### TASK DESCRIPTION
Transcribe the stretch of entries below from the line with "Elina Gold Marble" through the line with "Foster & Thrive Folic Acid 400 mcg Tablets-Vitamin", exactly and with both ends included; leave out all other lines.

### THE RECORDS
┏━━

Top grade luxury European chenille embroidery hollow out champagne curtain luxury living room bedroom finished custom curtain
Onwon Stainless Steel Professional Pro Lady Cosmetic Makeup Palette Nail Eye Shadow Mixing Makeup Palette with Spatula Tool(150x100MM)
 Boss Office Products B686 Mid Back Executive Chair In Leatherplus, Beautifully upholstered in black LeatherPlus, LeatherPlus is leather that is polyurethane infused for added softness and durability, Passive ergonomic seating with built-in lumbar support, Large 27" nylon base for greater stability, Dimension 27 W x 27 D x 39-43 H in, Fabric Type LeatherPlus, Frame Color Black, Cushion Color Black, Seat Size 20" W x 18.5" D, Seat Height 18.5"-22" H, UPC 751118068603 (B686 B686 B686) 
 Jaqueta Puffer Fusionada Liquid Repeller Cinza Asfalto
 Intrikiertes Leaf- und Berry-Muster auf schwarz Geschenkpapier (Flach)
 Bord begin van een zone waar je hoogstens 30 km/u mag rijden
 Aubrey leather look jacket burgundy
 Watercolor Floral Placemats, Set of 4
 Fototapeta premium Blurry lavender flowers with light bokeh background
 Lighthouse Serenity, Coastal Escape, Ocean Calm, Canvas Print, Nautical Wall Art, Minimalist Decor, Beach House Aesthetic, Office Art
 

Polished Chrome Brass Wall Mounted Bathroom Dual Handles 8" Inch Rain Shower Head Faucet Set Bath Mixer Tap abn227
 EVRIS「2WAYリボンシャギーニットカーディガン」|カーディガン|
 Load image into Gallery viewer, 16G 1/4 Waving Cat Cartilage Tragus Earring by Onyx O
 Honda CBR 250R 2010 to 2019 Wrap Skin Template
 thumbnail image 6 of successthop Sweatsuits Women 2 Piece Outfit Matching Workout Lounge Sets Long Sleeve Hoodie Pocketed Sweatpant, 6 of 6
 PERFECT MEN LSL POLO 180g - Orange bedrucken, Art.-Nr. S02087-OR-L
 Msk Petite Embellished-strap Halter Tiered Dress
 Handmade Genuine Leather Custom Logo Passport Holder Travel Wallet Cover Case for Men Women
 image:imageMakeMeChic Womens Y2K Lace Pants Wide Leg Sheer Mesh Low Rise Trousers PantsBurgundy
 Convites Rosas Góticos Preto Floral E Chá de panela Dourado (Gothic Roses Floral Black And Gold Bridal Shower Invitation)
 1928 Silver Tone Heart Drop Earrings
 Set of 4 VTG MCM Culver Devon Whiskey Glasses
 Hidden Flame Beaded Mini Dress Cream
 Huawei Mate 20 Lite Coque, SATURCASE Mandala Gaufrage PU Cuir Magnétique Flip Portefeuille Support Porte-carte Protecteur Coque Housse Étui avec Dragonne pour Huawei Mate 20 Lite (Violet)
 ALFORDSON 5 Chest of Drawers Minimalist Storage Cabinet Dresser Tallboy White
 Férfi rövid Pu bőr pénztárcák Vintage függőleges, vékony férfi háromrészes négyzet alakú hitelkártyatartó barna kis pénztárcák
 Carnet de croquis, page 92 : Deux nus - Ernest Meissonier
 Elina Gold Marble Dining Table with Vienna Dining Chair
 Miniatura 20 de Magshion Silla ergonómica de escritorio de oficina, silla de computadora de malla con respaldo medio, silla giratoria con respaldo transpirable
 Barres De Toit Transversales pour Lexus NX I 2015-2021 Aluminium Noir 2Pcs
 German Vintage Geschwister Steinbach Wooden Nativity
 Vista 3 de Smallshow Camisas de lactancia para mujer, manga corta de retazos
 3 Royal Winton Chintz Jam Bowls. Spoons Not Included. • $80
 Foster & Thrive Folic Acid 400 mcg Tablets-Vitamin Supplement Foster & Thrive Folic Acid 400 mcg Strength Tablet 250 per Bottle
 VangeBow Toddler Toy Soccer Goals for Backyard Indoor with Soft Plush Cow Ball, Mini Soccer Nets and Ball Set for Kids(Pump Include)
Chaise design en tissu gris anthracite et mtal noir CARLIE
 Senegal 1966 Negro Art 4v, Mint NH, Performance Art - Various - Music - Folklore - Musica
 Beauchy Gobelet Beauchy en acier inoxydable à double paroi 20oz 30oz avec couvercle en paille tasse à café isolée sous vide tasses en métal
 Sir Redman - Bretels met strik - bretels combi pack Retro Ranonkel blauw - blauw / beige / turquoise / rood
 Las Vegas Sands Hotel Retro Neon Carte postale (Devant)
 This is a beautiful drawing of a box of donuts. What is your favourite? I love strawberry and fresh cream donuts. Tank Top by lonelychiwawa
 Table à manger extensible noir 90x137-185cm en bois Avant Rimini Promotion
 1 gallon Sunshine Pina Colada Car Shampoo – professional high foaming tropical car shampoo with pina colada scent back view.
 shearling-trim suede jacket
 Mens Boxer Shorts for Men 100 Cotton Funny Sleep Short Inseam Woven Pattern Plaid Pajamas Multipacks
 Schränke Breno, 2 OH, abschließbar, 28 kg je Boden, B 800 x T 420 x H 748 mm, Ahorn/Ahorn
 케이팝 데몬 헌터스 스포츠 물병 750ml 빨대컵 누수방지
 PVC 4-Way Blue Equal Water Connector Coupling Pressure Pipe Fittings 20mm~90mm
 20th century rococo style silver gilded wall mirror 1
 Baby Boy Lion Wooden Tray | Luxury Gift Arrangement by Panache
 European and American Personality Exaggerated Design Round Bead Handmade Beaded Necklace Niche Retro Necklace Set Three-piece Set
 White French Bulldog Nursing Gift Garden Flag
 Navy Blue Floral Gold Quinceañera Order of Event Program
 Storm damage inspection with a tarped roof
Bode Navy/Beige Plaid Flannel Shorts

┗━━

### RESULT
 Elina Gold Marble Dining Table with Vienna Dining Chair
 Miniatura 20 de Magshion Silla ergonómica de escritorio de oficina, silla de computadora de malla con respaldo medio, silla giratoria con respaldo transpirable
 Barres De Toit Transversales pour Lexus NX I 2015-2021 Aluminium Noir 2Pcs
 German Vintage Geschwister Steinbach Wooden Nativity
 Vista 3 de Smallshow Camisas de lactancia para mujer, manga corta de retazos
 3 Royal Winton Chintz Jam Bowls. Spoons Not Included. • $80
 Foster & Thrive Folic Acid 400 mcg Tablets-Vitamin Supplement Foster & Thrive Folic Acid 400 mcg Strength Tablet 250 per Bottle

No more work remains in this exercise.